What's the deal with Periscope?
At one time, Periscope lead the new live-streaming wave, inspiring a whole new cohort of would-be superstars to share their lives, their thoughts, their everyday musings, with anyone and everyone across the world, at any time.
But then people seemingly got bored with live-streaming. Much of this was due to content - while the idea of giving everyone their own live TV station seems interesting, in reality, most people simply aren't good at live broadcasting. There's a reason why you see the same hosts on live TV events every other year. The flood of poor streams saw users switch off, and while, at one stage, Periscope was seeing "over 40 years of video watched per day" on its platform, it hasn't provided an update of its usage stats in a long time.
You can live-stream direct through Twitter itself, without Periscope, while Facebook Live and/or YouTube are better live-streaming options. So where does that leave Periscope?
Ruminations aside, Periscope has this week announced that it'll no longer support 360 and GoPro cameras for its streams.
In order to ensure we are providing a quality experience for all of our broadcasters and viewers we have made the difficult decision to eliminate support for 360 and GoPro cameras via our mobile apps. 1/2— Periscope Help (@PeriscopeHelp) October 1, 2019
Periscope and Twitter initially launched support for 360 live-streams back in December 2016, describing it as "a new way to see what’s happening".

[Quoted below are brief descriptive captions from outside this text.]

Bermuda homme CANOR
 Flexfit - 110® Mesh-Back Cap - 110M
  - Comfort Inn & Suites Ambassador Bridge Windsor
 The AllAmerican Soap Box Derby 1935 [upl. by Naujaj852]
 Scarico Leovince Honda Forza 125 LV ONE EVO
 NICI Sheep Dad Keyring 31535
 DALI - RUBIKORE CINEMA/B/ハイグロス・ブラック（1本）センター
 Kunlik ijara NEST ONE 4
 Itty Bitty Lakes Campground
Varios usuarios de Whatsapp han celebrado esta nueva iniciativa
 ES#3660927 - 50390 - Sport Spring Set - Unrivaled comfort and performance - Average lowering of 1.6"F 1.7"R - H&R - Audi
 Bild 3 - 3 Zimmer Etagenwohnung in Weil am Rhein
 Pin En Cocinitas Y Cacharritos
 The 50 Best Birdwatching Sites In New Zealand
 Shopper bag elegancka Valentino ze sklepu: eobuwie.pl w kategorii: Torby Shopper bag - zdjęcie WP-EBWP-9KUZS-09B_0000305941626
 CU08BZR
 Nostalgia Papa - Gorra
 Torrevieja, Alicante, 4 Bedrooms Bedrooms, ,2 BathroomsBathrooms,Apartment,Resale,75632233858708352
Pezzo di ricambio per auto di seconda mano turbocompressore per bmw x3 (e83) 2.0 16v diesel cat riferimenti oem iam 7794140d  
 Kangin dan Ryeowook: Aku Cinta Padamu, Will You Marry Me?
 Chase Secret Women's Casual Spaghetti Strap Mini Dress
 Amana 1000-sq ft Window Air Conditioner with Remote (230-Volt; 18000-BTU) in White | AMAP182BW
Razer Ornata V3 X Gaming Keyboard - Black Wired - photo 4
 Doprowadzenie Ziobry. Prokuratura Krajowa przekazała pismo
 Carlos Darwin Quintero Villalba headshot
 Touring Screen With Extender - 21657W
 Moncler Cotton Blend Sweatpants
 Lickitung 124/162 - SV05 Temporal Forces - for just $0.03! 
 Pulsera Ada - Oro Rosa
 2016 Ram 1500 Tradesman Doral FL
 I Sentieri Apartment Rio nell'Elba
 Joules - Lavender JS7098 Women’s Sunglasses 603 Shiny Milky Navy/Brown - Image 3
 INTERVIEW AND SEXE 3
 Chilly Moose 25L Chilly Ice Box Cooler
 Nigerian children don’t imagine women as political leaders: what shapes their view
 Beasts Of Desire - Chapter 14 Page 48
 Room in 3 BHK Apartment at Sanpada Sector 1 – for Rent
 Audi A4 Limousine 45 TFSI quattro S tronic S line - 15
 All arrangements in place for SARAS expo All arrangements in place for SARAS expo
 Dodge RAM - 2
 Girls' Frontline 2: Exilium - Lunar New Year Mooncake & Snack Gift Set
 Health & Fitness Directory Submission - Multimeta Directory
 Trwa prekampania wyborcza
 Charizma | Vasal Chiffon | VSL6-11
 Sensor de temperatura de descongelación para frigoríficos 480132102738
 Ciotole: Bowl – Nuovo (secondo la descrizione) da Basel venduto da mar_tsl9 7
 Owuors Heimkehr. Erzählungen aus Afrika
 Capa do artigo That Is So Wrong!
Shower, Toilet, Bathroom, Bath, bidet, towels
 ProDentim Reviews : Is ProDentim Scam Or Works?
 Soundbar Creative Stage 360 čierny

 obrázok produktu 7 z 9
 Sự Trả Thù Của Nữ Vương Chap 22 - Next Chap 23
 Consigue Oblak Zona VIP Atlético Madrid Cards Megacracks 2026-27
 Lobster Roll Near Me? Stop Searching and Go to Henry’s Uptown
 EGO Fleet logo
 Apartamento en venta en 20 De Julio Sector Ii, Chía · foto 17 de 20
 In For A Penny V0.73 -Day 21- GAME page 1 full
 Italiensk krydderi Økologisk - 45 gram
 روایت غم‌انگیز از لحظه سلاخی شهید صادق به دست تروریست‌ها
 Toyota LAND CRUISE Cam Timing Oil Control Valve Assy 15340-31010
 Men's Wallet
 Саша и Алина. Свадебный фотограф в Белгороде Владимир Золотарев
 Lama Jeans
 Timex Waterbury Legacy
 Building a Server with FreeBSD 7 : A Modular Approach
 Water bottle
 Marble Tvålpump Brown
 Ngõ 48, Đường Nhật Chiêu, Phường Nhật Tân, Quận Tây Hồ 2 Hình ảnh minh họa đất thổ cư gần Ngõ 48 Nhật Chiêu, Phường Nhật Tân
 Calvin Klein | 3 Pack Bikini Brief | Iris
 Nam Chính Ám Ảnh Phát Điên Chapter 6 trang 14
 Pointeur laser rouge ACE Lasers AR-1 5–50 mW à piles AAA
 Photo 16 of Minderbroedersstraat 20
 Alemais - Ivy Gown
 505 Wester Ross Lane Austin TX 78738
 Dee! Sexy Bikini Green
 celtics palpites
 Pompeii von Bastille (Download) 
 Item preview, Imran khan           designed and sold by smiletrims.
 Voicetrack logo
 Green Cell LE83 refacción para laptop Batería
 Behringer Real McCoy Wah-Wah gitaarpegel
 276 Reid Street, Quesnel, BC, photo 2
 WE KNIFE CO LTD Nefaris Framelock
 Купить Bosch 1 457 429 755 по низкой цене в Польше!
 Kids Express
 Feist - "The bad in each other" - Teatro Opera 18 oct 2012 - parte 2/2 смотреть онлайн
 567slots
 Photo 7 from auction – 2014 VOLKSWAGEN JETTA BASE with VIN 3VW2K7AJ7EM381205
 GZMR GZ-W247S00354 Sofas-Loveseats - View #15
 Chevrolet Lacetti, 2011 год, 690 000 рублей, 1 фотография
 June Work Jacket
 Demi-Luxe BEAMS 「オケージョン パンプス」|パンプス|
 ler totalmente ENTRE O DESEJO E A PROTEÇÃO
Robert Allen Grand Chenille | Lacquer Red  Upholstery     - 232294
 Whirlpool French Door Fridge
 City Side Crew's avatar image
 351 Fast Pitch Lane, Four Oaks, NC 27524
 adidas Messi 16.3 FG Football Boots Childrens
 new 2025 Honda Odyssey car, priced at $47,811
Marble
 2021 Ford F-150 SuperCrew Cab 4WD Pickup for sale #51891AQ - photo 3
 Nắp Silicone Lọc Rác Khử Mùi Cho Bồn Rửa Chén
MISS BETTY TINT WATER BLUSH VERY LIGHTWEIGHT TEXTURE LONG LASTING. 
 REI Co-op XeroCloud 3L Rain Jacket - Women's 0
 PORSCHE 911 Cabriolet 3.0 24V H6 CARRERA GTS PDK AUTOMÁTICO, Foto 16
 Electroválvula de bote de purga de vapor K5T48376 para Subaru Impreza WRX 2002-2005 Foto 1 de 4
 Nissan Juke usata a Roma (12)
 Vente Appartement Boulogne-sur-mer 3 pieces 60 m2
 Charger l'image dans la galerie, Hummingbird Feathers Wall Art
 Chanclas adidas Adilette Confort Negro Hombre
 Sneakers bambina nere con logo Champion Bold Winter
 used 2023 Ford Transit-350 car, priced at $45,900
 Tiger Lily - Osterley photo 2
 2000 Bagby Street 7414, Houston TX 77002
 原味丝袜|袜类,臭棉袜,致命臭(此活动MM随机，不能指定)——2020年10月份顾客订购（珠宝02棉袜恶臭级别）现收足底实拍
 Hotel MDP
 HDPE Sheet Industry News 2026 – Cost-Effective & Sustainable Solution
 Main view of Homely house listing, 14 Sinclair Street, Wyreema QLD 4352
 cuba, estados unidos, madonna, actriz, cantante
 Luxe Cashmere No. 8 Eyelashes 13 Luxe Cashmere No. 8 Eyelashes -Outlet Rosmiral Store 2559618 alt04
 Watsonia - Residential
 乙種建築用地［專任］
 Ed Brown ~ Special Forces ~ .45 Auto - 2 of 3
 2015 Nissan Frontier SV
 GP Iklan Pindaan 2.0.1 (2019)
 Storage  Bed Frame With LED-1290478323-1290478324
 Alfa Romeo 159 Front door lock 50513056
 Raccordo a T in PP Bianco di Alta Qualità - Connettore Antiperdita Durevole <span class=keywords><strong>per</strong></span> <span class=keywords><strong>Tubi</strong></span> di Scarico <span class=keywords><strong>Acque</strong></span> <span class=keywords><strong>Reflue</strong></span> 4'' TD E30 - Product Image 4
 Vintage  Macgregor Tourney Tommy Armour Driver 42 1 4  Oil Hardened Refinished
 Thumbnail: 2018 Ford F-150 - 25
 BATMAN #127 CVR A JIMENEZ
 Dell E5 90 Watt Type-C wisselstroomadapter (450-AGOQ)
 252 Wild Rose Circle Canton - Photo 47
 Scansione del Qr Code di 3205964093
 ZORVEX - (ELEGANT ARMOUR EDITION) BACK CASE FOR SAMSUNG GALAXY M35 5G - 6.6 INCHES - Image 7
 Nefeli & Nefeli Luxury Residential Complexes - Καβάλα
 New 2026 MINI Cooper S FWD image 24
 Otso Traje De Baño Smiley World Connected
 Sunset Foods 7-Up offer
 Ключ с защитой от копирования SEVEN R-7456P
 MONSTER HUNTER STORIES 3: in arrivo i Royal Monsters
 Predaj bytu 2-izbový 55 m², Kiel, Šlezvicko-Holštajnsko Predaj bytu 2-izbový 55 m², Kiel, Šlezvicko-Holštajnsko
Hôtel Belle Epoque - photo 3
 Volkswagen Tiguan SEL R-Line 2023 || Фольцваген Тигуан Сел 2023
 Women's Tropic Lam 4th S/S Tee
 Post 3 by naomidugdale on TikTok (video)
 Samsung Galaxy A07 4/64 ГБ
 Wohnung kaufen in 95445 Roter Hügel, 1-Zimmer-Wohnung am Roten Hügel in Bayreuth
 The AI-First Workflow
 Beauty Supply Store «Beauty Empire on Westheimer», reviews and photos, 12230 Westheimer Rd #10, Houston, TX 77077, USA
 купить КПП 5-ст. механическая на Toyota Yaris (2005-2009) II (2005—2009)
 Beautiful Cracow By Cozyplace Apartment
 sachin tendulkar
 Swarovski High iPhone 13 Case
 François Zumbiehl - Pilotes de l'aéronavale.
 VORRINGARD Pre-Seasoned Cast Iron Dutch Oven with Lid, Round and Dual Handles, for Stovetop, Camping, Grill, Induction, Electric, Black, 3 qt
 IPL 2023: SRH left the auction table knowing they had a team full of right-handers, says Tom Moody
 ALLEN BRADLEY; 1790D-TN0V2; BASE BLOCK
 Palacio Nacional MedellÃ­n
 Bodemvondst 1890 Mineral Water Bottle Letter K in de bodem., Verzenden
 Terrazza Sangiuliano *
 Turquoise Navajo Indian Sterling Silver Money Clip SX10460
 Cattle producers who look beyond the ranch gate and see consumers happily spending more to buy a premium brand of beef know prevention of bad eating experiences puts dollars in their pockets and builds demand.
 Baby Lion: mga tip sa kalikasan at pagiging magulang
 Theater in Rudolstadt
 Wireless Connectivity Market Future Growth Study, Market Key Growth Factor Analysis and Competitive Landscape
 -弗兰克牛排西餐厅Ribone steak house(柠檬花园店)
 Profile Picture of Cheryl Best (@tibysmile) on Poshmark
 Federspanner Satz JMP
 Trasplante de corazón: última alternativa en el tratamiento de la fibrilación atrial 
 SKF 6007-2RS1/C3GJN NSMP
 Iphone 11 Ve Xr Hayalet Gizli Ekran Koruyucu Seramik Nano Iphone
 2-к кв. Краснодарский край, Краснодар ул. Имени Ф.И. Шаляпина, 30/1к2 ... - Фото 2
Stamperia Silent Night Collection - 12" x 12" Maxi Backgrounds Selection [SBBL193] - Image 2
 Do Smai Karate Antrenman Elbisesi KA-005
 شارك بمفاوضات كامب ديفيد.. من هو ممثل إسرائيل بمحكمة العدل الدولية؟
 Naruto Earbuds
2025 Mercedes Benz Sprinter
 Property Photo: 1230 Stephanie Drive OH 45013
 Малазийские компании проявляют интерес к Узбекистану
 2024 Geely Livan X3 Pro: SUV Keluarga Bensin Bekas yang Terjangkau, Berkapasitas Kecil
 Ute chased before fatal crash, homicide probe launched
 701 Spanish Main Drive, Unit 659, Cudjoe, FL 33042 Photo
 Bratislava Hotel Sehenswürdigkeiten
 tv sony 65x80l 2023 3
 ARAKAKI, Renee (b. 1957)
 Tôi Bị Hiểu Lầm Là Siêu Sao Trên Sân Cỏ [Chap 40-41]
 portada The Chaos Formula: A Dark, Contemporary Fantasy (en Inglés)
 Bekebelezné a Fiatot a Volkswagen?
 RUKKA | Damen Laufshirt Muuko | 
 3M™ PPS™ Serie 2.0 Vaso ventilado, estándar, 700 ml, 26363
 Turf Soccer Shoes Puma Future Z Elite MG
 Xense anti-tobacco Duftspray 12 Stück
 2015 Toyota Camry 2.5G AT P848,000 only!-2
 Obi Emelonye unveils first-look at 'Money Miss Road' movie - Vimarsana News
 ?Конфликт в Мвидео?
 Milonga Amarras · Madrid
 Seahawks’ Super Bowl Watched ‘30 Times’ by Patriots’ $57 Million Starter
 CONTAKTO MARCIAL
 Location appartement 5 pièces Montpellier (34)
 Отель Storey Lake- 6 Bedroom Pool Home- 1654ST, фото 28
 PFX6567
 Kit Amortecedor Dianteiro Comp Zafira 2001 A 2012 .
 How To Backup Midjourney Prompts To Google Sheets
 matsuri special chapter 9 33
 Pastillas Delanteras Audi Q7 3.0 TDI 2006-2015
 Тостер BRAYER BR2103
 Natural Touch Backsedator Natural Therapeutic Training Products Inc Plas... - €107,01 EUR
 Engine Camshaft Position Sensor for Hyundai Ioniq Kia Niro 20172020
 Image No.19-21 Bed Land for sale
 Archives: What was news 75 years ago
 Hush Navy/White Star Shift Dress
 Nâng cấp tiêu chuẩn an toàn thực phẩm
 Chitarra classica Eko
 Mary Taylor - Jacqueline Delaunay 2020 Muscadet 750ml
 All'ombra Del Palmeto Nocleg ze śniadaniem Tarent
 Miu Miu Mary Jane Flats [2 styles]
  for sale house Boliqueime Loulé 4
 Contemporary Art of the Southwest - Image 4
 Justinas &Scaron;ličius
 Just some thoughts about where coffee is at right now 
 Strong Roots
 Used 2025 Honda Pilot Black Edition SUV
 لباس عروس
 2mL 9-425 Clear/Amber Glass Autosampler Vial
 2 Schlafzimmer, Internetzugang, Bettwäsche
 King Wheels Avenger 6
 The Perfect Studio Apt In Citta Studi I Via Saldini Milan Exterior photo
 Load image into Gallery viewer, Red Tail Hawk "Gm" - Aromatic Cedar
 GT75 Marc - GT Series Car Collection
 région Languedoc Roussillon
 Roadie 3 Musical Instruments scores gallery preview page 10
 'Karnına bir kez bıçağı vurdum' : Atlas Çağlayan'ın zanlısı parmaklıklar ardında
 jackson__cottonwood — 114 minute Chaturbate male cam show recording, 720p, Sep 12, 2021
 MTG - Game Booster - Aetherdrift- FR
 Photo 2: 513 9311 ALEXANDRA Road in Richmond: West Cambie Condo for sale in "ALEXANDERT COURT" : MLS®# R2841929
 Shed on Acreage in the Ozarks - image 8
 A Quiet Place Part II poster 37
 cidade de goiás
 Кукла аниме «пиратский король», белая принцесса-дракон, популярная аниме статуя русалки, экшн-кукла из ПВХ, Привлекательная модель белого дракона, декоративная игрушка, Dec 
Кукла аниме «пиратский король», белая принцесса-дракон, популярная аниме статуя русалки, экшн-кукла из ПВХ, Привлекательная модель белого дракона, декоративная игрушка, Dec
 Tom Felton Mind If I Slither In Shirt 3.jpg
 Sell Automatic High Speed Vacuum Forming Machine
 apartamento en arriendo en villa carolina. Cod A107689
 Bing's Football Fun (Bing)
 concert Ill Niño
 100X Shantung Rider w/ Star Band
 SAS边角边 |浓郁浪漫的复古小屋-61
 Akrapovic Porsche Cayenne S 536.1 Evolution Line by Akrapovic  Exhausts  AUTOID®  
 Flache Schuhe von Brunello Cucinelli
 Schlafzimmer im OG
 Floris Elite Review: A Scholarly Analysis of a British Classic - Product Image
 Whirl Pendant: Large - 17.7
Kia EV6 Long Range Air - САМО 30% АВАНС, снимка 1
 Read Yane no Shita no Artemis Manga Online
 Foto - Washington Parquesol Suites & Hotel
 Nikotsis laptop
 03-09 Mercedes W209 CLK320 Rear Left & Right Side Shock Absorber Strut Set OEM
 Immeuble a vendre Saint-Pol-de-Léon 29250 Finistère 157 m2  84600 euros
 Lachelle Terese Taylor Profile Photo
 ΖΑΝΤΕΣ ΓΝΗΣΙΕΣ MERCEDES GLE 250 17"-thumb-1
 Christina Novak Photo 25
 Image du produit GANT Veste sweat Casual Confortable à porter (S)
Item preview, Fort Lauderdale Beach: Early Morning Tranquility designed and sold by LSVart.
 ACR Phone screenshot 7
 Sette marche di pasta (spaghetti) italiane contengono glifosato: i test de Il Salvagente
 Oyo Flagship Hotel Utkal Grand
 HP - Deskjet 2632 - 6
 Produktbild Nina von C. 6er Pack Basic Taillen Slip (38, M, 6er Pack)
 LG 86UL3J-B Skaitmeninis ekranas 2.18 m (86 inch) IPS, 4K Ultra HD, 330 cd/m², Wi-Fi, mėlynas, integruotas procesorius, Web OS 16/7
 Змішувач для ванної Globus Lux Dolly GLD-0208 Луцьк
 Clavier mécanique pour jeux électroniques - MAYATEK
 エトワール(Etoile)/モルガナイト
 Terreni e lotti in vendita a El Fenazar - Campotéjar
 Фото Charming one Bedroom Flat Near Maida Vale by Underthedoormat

Now, as noted in the above tweet, Periscope is removing the option, in order "to provide a quality experience" - which likely means that it was taking up a lot of resources for limited viewership/return.
Periscope has noted that it will still provide support for external cameras via its Periscope Producer functionality, but 360 streams will be no more. Both Facebook and YouTube still support 360 streams, if you're looking for an alternative provider.
The loss of 360 functionality on Periscope, in itself, likely isn't that big of a deal, but as noted, it does raise questions as to what Periscope is now, and what role it plays within Twitter's tools. Is it, essentially, another version of Vine, which is set to just die off at some stage - or that should have died out already, but Twitter doesn't want to let it go after all the criticism it saw for cutting Vine?
The functionality of Periscope is already, essentially, built into Twitter anyway. Does it really need a dedicated live-streaming platform?
Usage numbers will tell the true tale, and at the moment, only Twitter knows them. So who can say what the future holds for the former live-streaming champ?
All we can say, for sure, is that you won't be able to broadcast with your 360 or GoPro camera anymore.